The compilation process in this case is quite similar to the "pure" C++ compilation; However, instead of generating a executable file, it generates a "shared object" which R is capable to load:

Now, it is just use it:

dat<-as.matrix(read.table("mouse.txt"))
rec<-est_bc_inline(dat)
require(fields)
image.plot(rec, col=rev(tim.colors()))

A more realistic example:

##5000 markers
source("simulate_diploid_populations.R")
require(onemap)
dat.bc<-sim.pop.bc(n.ind = 250, n.mrk = 5000, ch.len = 200, missing = 0, n.ch = 1, verbose = FALSE)
dat.bc
dat.bc.t<-dat.bc$geno
system.time(rec<-est_bc_inline(dat.bc.t))
choose(5000, 2)
image.plot(rec, col=rev(tim.colors()))

Using the function sourceCpp

This approach is pretty similar to the inline. Here, instead to write a code as a string in R, we use a separated cpp file with the directive // [[Rcpp::export]].

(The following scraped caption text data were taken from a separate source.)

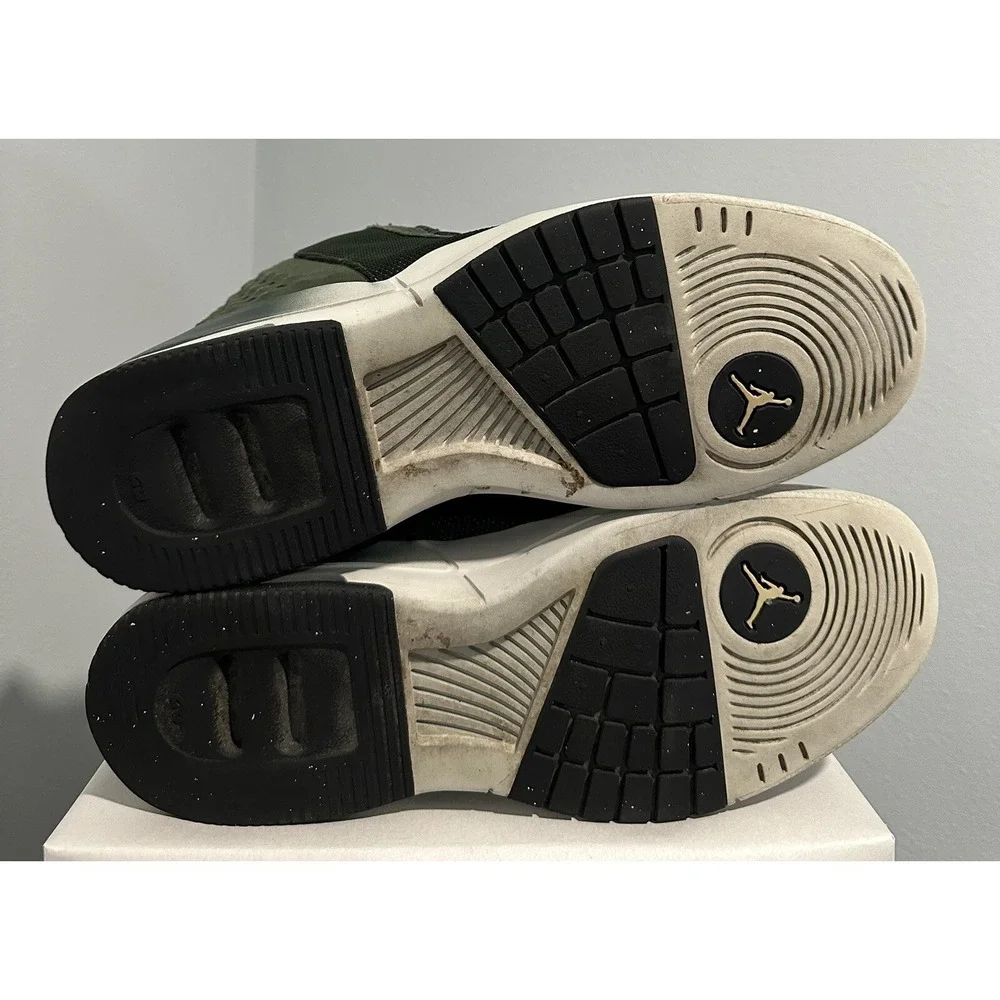 Nike Air Jordan Academy Green Trainers Mens Size 10 844515-300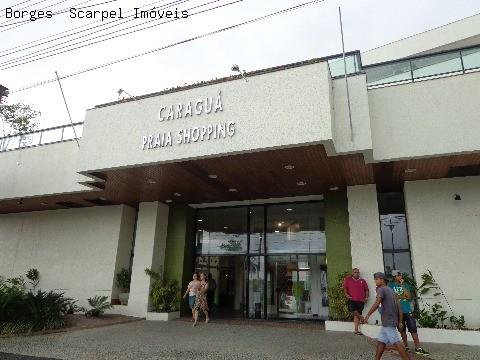 Loja para venda no 1° piso do caraguá praia shopping no centro da cidade de frente para pr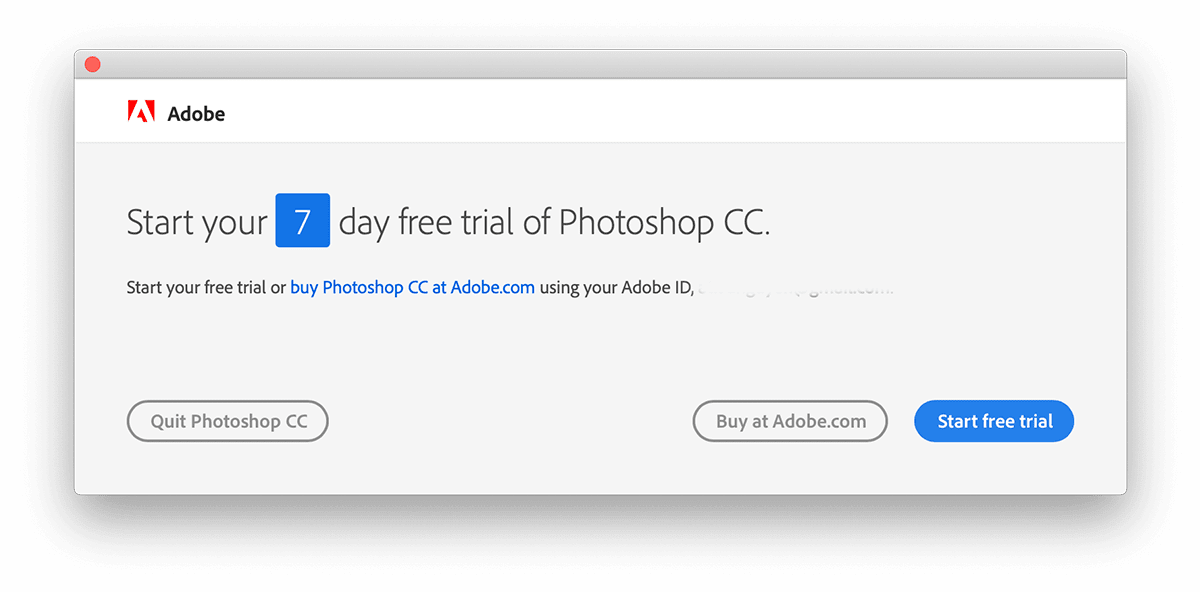 Cài đặt Photoshop CC 2019 Full cho MacOS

According to Hadley Wickham's page, at the C-level, all R objects are stored in a common datatype, the SEXP, or S-expression. All R objects are S-expressions so every C function that you create must return a SEXP as output and take SEXPs as inputs. (Technically, this is a pointer to a structure with typedef SEXPREC.). Take a moment to read Wickham's page. You will see a lot of "behind the scenes" about the integration C and R, which is more or less applied to C++.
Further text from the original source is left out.